Are Dublin the greatest team ever to lace boots in Gaelic football? It’s hard to say…
They’ve won four in a row - a first for a team in the capital and only the fourth time in over a century and a quarter that it’s been done in the big ball game. They’re in rarified air, living with the best.
There’s little doubt that they’d have beaten the Wexford team of the early 20th century and the Kerry side of the thirties. They’d have beaten the golden years Kingdom team as well.
Whenever the next great team come along, it'll be said that they would have beaten today's best too. That’s not to say they’re better than them though.
Dublin are without doubt the best-prepared, best-conditioned, best-resourced side in football history. They’re bigger, fitter, faster and stronger than anything that has gone before because they are a product of the modern era.
Kerry 1979 were better than Kerry 1929 because, at the time, they were cutting edge.
Is Brian Fenton a better footballer than Jack O’Shea was? Maybe, maybe not, but comparing a player from the seventies with a player from the current day is apples and oranges.

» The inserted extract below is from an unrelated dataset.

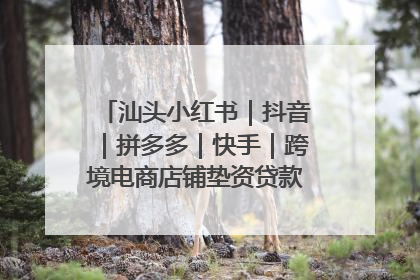汕头小红书｜抖音｜拼多多｜快手｜跨境电商店铺垫资贷款企业-漫商易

Kerry won eight All-Ireland titles under Mick O’Dwyer, a stand alone in 1975, four in-a-row between ’78 and ’81 and then three back-to-back from ’84 to ’86.

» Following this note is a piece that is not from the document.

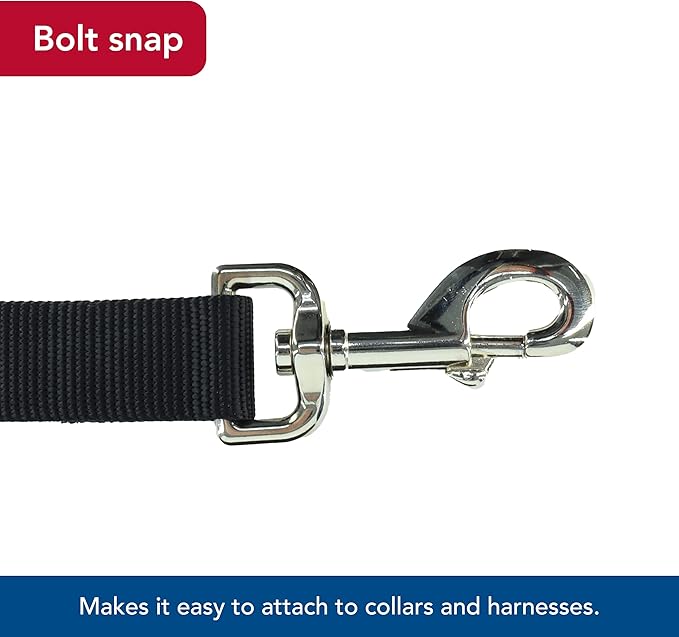 Coastal Pet Single-Ply Dog Leash - Sturdy Pet Leash - Comfortable & Stylish - Resists Fraying - Vibrant & Fade-Resistant Color - Black, 3/4" x 6'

The Kingdom put four on the bounce 1929 to ’32, following on from Wexford’s 1915 to ’18 foursome.
Modern-day Dublin have six All-Ireland titles in eight years. They came in 2011, ’13, ’15, ’16, ’17 and ’18. In that time they’ve won five League titles and compiled a record-breaking 36-game unbeaten run in competitive matches.
Five in a row, something never done in hurling or football before, doesn’t look beyond them given the distance they’ve put between themselves and the chasing pack over the past 12 months.
Wexford, Kerry, Dublin. They’re all great teams, just don’t compare them.
Let’s just enjoy the Dubs for what they are because it could be a lifetime before the next great team comes along.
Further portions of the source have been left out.